Annino Mele, l’ultimo bandito sardo presenta il suo libro “il Marchio del Bandito”
A Crotone è stato presentato dall’ex ergastolano ma anche ex Primula Rossa Annino Mele il suo libro “Il Marchio del Bandito” all’Hotel Pitagora. Con una penna a doppio taglio butta inchiostro sul sistema penitenziario (lacune sui diritti), riempiendo pagine di vita vissuta dietro le sbarre, ma consapevole degli errori della vita, senza rimpianti.
Potrebbe anche apparire un diario-confessione, attraverso la formula liberatoria di una valvola di sfogo, pieno di rancori e ricordi con vizi di forma e una voglia di riscattarsi da ingiustizie e pregiudizi.
Un libro, apparentemente elaborato da un appassionato scrittore che corre dietro le vicende di chi vive dietro le sbarre, se non fosse che a firma non è altro uno che il carcere l’ha vissuto per trentuno anni sulla propria pelle. Un ex ergastolano Annino Mele, divenuto ormai narratore. Con il suo ennesimo volume, “il Marchio del bandito” arrivato nella città pitagorica mercoledì 26 settembre, ritorna al suo desiderio di verità. Definito il latitante più giovane d’Italia, fin da piccolo (lui classe 1953) incominciò “ il mestiere” criminogeno. Vuoi per l’ingiustizia perpetrata alle spalle del suo babbo, arrestato ma poi assolto, vuoi per l’incessante guerra di faide intestine, in cui la Sardegna, ma soprattutto la zona di riferimento Mamoiadese alle porte di Nuoro, imperversava a quei tempi (anni 60/70). Conflitti che hanno coinvolto la gente del posto, per posizione prese: volute o dovute, spesso gonfie di solidarietà. Per lui la Barbagia, cuore della Sardegna, era la sua seconda casa dove per latitanza passò, anche se in pseudo- libertà, il preludio di un inferno dantesco (il carcere). A suo dire “ ingiustificato”, perché tanto “ non si cambia e non migliora l’indole di un uomo”, ma non ha neppure una solutio criticae. Oltre che fare vento su giustizie e ingiustizie per chi ha il marchio di pregiudicato. Un curriculum vitae, quello di Meli, di tutto “rispetto” tra gli ambienti dei fuorilegge.

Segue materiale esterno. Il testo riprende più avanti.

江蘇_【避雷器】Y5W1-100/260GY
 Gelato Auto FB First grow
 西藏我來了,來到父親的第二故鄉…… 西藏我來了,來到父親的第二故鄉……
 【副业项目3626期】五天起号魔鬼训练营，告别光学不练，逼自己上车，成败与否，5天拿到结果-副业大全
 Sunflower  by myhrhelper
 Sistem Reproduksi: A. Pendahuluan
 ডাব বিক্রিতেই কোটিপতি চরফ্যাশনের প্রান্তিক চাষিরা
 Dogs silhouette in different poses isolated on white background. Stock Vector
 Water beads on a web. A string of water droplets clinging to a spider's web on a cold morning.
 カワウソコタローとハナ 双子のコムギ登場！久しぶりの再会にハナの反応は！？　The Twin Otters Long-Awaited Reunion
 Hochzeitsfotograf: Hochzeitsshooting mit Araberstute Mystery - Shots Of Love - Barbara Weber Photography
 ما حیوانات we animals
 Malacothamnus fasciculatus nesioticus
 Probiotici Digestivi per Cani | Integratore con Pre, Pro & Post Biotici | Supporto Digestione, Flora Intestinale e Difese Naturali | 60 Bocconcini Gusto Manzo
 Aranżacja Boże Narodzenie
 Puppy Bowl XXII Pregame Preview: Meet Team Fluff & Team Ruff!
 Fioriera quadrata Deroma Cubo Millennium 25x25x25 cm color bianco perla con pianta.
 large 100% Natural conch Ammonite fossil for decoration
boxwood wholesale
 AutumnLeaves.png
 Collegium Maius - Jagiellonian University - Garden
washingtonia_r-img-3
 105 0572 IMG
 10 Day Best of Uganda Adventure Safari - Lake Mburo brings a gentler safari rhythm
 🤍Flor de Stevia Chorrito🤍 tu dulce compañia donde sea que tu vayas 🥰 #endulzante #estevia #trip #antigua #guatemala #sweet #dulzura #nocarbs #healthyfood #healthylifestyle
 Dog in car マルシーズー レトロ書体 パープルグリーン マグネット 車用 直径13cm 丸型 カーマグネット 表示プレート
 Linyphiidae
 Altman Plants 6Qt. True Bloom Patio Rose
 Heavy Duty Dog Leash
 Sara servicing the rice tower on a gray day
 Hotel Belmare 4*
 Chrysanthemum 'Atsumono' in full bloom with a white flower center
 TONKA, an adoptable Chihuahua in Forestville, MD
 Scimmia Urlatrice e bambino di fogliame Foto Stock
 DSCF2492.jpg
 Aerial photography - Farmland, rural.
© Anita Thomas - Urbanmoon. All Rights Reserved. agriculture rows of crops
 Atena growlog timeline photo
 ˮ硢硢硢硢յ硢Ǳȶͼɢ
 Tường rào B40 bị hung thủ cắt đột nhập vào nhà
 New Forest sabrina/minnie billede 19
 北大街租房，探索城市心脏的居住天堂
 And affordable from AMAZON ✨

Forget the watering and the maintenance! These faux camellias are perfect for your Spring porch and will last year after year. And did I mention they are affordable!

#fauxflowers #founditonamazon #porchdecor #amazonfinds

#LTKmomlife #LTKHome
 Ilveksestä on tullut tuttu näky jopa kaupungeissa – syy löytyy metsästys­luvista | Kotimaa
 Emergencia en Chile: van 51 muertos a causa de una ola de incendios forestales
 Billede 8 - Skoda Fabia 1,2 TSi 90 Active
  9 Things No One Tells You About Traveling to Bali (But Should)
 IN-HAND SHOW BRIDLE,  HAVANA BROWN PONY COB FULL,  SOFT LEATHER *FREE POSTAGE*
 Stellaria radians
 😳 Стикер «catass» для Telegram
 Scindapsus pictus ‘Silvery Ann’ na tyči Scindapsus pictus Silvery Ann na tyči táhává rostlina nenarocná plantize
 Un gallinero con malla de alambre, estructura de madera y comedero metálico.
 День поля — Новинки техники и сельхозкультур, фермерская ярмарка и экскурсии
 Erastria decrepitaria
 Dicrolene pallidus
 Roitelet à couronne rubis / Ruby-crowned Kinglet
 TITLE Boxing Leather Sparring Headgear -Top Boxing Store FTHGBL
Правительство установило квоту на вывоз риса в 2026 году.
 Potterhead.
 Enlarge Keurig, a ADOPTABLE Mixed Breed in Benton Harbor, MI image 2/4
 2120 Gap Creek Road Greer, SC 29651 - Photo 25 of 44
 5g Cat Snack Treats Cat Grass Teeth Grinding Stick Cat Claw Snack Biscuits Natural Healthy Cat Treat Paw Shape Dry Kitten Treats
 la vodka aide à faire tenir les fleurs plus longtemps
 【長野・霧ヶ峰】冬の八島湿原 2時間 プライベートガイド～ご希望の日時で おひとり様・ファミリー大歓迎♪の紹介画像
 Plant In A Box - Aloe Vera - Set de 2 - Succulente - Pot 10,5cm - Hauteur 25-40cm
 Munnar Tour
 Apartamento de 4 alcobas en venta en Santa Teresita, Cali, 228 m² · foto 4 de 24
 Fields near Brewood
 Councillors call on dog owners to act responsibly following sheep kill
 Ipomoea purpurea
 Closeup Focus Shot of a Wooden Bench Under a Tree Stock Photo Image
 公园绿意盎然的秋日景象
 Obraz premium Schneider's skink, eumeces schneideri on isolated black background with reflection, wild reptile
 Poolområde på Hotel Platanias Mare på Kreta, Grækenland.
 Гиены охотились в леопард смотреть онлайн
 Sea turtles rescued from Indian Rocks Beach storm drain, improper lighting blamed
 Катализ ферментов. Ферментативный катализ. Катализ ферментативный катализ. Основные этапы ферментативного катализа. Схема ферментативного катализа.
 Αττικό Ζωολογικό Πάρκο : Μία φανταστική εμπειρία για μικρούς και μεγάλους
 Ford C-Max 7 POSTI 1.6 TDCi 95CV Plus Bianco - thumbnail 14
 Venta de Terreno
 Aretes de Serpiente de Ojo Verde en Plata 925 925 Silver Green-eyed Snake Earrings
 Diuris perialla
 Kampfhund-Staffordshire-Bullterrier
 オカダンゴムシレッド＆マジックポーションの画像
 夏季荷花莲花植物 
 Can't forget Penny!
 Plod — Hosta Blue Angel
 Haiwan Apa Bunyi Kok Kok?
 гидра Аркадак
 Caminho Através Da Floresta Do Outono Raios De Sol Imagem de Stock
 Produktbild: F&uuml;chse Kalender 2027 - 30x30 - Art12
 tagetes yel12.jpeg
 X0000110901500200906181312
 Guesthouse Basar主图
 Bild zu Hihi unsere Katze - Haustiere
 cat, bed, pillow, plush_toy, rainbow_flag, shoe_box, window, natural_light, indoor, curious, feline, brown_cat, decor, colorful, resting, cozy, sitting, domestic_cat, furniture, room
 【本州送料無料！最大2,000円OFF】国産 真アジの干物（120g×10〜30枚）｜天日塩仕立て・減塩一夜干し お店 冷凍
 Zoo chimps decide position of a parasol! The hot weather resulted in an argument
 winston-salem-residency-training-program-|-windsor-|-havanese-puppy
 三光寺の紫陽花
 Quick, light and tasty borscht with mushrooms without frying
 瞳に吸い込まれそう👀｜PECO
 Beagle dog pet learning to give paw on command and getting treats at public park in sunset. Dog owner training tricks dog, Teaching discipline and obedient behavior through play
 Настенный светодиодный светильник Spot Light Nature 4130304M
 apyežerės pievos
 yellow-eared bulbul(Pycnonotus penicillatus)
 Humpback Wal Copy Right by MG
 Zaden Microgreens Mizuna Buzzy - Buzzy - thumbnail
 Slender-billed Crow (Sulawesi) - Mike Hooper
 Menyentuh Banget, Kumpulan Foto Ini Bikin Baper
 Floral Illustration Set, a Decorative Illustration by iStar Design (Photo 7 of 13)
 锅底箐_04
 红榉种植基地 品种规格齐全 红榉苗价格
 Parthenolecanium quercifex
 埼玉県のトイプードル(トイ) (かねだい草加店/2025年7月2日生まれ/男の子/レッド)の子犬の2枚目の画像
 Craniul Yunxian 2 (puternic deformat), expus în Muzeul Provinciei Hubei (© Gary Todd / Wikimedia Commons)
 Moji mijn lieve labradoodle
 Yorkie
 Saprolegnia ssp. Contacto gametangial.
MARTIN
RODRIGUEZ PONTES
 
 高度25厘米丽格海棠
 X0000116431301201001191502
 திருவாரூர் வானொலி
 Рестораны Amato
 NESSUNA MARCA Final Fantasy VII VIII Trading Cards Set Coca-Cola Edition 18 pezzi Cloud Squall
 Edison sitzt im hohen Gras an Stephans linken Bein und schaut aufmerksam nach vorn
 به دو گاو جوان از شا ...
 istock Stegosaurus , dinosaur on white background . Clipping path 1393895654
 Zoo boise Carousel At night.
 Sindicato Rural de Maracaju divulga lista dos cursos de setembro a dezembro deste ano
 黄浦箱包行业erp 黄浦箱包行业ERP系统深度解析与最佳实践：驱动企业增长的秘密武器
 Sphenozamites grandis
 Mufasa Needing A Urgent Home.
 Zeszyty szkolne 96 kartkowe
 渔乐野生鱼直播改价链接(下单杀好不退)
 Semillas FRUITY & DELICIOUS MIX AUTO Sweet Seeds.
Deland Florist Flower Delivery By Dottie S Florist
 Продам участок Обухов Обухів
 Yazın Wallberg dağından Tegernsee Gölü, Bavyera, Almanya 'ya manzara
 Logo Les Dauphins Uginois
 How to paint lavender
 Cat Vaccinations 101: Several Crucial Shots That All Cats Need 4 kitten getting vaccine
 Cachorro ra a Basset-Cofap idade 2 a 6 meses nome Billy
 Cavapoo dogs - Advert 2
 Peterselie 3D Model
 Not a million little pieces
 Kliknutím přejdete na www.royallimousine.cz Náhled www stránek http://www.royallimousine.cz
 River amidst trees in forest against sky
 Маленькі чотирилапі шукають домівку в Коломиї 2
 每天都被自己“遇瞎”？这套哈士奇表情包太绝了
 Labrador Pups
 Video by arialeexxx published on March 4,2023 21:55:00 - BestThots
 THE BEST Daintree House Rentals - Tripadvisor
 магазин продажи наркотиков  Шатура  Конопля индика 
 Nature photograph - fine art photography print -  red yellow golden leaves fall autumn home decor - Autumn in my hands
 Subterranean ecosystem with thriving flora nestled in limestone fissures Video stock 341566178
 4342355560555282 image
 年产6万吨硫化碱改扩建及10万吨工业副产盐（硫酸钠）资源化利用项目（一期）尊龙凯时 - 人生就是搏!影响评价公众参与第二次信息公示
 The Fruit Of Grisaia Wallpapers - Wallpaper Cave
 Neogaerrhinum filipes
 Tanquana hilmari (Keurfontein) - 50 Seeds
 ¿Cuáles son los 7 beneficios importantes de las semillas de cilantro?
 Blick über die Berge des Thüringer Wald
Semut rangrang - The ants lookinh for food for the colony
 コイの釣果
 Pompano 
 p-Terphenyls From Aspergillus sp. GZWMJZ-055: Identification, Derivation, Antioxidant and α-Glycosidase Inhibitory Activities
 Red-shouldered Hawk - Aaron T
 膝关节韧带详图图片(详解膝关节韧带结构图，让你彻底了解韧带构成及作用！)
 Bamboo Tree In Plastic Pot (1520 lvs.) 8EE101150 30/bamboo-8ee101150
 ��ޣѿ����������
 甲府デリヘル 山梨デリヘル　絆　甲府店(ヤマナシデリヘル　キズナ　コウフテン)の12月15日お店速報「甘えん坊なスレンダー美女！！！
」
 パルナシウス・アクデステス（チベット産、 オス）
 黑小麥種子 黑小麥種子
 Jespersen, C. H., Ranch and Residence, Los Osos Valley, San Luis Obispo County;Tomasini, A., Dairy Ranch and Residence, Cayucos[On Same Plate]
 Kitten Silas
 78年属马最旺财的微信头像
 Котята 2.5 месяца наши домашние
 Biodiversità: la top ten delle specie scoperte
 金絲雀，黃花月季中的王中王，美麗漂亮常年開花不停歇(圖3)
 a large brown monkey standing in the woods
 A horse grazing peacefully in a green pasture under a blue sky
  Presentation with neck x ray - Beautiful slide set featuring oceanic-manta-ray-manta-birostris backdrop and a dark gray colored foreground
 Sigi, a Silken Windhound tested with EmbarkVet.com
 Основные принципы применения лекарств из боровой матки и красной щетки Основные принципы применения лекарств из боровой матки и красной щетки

E’ definito uno dei criminali più temuti ma anche una delle figure principali del banditismo sardo del dopoguerra. Ai giorni nostri, uno dei pochi fuorilegge sopravvissuti che potrebbero restare nella storia per il fenomeno malavitoso di un periodo già segnato dall’assenza dello Stato. Ex Primula Rossa molto vicino alle brigate vermiglie, esponenti di spicco che conosce in carcere. Durante la latitanza lesse numerosi testi della sinistra rivoluzionaria e fu considerato a capo del Movimento armato sardo, organizzazione in contatto appunto, con le Brigate Rosse. Insomma, non si è fatto mancare nulla per farsi accreditare il “Marchio del Bandito” tra efferati omicidi e sequestri di persona in una “onorata società”.
Temuto ma anche riverito in uno stato che ha fatto del banditismo una forma di riscatto, pur di difendere le loro terre ormai pregne di sangue innocente, ma poi qualcosa gli è sfuggita di mano. Oggi è un uomo quasi libero, dall’aprile del 2018 con la condizionale, richiesta contro il consenso dei suoi avvocati. Diventa critico verso il sistema carcerario nelle sue testimonianze fatte da centinaia e centinaia di pagine, a difesa di chi, possiede come casa una cella e si trova a scontare le pene all’interno dei penitenziari. Lo fa con cognizione di causa studiando la legge e i meccanismi giustizia che si pongono a chi espia una condanna come il carcere a vita. Non una soluzione punitiva “perché è una punizione psicologica” . Diventa, per Mele, l’ergastolo, inutile e” si esce peggiorati”. Mentre i servizi sociali potrebbero essere utili e ambivalenti, del resto, a servizio della comunità sgravando oneri al governo.
Al tavolo della presentazione anche il garante dei detenuti del carcere circondariale di Crotone Federico Ferraro il quale dichiara che “questo di oggi è un messaggio per altri detenuti a non arrendersi mai, e fare tesoro di ciò che s’impara”. Chi sbaglia paga in uno Stato di diritto ma la Costituzione italiana con le sue norme giuridiche vetuste e non attinenti ai tempi, ha bisogno di modifiche, come si aspetta la riforma giustizia in tutte le sue normative.
Questo libro lo dedica a suo figlio Graziano che non ha potuto crescere e che ama più di se stesso, ma vuole anche essere una denuncia “ alle ingiustizie”, per i diritti umani infranti verso i detenuti.